- **About this task**: Extract each line holding the word "Foto" from the entries.

** Records to process follows **

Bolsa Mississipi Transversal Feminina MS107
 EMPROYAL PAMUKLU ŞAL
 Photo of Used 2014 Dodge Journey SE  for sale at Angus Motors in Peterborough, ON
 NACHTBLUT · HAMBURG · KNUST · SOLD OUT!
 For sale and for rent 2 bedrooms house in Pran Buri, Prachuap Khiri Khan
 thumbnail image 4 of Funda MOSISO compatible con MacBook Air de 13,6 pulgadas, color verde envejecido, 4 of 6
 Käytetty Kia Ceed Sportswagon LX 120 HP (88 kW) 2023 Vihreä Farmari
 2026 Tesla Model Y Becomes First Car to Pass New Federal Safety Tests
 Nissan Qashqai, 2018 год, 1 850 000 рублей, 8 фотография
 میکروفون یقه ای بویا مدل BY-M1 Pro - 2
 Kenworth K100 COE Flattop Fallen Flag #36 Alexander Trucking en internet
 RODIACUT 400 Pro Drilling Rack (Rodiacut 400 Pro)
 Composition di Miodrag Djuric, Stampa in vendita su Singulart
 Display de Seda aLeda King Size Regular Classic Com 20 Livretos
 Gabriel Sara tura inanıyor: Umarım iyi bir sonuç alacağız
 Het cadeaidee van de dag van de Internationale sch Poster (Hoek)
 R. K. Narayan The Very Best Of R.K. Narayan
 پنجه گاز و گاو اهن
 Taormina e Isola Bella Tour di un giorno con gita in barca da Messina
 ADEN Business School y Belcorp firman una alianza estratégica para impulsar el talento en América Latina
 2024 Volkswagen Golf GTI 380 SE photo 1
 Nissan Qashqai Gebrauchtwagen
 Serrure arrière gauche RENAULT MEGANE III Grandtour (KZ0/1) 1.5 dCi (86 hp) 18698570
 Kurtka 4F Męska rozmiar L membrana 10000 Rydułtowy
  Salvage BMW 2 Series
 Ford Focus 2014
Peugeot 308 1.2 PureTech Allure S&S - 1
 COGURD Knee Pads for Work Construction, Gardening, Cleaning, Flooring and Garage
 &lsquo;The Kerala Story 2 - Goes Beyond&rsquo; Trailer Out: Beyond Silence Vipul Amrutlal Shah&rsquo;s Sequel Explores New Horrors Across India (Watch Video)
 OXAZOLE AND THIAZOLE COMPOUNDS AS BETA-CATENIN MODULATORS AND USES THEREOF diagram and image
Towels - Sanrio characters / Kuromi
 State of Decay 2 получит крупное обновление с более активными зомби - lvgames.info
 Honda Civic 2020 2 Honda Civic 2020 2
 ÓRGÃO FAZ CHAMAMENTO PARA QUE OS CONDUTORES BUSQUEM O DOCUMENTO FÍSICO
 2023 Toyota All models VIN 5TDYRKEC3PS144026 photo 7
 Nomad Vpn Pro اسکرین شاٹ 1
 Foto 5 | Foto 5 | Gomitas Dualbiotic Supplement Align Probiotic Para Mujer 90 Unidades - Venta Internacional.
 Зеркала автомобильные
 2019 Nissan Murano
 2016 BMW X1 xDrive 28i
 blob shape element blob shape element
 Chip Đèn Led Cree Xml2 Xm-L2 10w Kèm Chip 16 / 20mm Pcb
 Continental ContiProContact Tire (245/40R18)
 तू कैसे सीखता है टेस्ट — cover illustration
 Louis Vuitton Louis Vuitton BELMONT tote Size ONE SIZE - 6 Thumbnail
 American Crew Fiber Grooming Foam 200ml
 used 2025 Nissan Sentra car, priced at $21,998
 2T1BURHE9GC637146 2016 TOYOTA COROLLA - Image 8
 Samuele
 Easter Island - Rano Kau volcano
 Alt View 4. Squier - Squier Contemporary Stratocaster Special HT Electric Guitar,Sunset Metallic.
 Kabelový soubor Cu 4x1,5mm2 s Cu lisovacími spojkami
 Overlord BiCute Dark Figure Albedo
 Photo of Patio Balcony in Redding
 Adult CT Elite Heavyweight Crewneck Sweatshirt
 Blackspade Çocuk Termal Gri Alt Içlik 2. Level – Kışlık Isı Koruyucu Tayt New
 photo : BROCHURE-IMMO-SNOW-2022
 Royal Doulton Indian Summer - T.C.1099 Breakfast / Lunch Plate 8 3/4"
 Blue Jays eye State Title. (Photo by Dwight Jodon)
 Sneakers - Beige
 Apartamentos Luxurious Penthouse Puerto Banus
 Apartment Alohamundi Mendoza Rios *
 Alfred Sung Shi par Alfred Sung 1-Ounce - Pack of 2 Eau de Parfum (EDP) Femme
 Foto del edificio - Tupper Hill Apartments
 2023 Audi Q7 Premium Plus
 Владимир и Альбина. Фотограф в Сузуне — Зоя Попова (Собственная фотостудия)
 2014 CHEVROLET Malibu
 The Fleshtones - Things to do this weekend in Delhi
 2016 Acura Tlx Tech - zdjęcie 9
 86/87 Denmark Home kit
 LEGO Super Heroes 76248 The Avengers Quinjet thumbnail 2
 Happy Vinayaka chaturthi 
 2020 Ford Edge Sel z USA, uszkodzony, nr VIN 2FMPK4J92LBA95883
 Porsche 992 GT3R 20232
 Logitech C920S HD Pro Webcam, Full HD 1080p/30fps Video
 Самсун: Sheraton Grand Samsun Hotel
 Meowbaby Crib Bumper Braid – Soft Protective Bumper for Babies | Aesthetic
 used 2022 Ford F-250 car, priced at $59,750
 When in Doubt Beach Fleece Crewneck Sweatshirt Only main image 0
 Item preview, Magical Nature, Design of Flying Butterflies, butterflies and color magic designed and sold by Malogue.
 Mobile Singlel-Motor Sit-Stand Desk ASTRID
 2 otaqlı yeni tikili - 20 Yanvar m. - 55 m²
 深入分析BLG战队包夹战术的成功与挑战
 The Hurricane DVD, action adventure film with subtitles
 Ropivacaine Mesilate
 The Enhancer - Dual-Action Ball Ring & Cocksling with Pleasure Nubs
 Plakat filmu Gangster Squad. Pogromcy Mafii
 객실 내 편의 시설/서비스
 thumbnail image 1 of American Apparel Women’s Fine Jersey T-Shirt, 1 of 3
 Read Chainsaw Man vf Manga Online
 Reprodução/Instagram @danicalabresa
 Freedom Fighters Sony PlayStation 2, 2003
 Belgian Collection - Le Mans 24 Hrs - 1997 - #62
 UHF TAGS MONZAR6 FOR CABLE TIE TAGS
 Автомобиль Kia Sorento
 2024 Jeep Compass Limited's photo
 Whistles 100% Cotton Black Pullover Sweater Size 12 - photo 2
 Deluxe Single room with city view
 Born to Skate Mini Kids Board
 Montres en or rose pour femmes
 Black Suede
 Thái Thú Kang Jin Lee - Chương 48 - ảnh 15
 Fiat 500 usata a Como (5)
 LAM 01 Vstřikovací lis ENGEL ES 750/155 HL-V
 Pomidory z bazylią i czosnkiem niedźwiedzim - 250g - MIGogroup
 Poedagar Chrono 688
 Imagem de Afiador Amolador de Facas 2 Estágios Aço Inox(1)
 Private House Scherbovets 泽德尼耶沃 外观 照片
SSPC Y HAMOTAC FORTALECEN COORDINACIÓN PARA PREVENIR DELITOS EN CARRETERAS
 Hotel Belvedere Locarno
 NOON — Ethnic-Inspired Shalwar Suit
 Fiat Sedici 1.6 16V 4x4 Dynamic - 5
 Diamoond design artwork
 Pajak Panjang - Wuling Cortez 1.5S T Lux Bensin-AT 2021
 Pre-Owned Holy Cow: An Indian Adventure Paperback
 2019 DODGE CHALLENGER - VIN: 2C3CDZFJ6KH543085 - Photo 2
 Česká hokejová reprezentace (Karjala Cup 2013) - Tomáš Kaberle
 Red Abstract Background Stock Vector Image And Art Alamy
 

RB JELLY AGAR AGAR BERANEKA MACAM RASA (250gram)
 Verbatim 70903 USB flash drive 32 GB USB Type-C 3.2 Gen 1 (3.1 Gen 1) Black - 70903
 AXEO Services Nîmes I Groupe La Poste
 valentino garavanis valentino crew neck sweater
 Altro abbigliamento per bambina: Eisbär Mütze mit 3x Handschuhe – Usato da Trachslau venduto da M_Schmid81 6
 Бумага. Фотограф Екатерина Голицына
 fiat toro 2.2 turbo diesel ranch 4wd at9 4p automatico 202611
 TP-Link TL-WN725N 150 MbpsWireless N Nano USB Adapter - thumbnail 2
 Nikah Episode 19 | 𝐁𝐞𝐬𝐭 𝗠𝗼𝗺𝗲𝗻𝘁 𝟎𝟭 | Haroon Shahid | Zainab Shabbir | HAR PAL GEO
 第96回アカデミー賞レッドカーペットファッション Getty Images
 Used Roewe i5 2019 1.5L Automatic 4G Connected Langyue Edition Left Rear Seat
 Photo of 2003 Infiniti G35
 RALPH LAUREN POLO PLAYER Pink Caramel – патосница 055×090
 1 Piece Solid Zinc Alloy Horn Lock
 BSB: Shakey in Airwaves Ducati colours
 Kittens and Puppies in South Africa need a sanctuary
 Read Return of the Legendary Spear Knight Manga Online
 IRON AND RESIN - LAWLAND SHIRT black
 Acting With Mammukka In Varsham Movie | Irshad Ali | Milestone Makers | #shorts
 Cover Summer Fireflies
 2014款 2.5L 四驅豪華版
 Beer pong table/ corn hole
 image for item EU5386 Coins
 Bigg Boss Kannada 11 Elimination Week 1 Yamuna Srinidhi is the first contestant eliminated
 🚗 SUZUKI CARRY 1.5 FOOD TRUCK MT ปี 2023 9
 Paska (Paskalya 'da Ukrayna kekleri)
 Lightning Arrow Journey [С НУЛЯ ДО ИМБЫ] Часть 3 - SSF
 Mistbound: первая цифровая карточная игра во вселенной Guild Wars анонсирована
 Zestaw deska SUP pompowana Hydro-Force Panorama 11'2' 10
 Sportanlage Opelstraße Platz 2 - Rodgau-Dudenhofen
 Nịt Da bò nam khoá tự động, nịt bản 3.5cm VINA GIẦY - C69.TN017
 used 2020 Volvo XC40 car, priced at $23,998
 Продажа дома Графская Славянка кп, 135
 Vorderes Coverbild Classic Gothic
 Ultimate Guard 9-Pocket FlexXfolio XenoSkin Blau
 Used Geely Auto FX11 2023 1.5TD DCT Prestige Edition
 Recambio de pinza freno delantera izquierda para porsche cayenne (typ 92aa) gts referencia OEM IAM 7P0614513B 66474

** End of Records to process **

- **Task result**:
 Foto 5 | Foto 5 | Gomitas Dualbiotic Supplement Align Probiotic Para Mujer 90 Unidades - Venta Internacional.
 Foto del edificio - Tupper Hill Apartments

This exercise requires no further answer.